Dies gilt besonders im fünften Jahr der russischen Annexion der ukrainischen Halbinsel, in dem auch das Wirtschaftsforum zum fünften Mal stattfindet. So hatte das Organisationskomitee auf die Teilnahme von Syriens Machthaber Baschar al-Assad gehofft. Zumindest hatte der Präsident bei einem Treffen mit Krim-Vertretern im November eine vage Zusage gemacht. Auch wenn er nicht kommt, werden die Teilnehmer aus Syrien in diesem Jahr neben Frankreich Ehrengäste sein.

Ehrengäste von der AfD

2018 wurden die Vertreter aus Österreich und Deutschland auf diese Weise geehrt. Dabei war die AfD nach eigenen Angaben mit vier Bundestagsabgeordneten, einem Abgeordneten aus dem Berliner Landesparlament und dem Vorsitzenden der Vereinigung der Russlanddeutschen in der AfD NRW vertreten. Alle Abgeordneten seien als Privatpersonen auf die Krim gekommen, hieß es.
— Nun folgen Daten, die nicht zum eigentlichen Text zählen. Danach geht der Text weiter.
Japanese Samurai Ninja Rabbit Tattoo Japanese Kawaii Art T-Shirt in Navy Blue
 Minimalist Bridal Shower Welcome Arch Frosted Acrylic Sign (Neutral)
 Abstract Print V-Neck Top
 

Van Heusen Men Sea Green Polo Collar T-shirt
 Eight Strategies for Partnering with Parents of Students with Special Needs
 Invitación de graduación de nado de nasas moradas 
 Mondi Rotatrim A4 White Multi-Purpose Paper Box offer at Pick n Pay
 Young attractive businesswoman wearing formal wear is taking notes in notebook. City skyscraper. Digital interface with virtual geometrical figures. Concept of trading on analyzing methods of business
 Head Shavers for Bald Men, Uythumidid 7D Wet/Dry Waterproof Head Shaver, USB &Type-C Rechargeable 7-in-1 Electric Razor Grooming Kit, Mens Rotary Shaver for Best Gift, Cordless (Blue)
Der Bundestagsabgeordnete Markus Frohnmaier hatte demnach "als Ehrengast bei der Eröffnung des Forums eine kurze Rede gehalten". Auf der Homepage des Jalta-Forums findet sich Frohnmaier sogar als Mitglied des Organisationskomitees - und zwar nicht als Privatperson, sondern als "Deputy of the Bundestag". Doch AfD-Fraktionssprecher Christian Lüth betont, dass sich Frohnmaier angeblich dagegen wehre, Mitglied dieses Gremiums zu sein.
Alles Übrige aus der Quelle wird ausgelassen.